12/28/2007 (12:34 pm)
Company Bond Sales Fall in Europe for the First Year Since 2002

Corporate bond sales fell in Europe for the first time since 2002 this year as companies abandoned borrowing because of soaring interest costs.
Sales slumped to 285 billion euros ($417 billion) in the last six months from 616 billion euros in the first half, reducing the total for the year by 3 percent from 2006, according to data compiled by Bloomberg. Companies with ratings below investment grade haven’t sold any bonds in euros or pounds since August, the longest shutdown in at least nine years.
“I’ve been in this business for 20 years and never seen anything as bad as this,” said Eirik Winter, co-head of fixed income capital markets in London for Citigroup Inc., the third- biggest underwriter of corporate bonds sold in Europe. “We’re going to feel 2007 for a long time.”

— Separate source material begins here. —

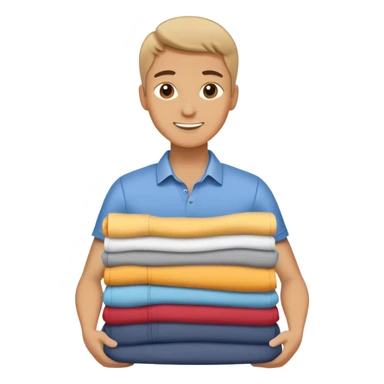 person folding clothes, neat stack of shirts, cheerful and tidy sticker
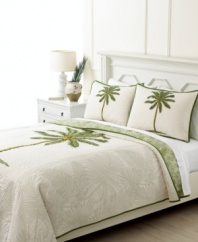 Life's a beach with Martha Stewart Collection's Palm quilted sham, boasting a textured face and printed palms finished with a printed flange and green trim.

Companies from Carphone Warehouse Group Plc in London, Europe’s largest mobile-phone retailer, to Rotterdam-based steelmaker Arcelor Mittal canceled deals as contagion from losses on U.S. mortgage securities pushed borrowing costs to a five-year high. European bondholders are demanding 120 basis points in extra yield to buy investment-grade corporate bonds, more than double the 51 basis-point premium over government debt in July, according to Merrill Lynch & Co. indexes.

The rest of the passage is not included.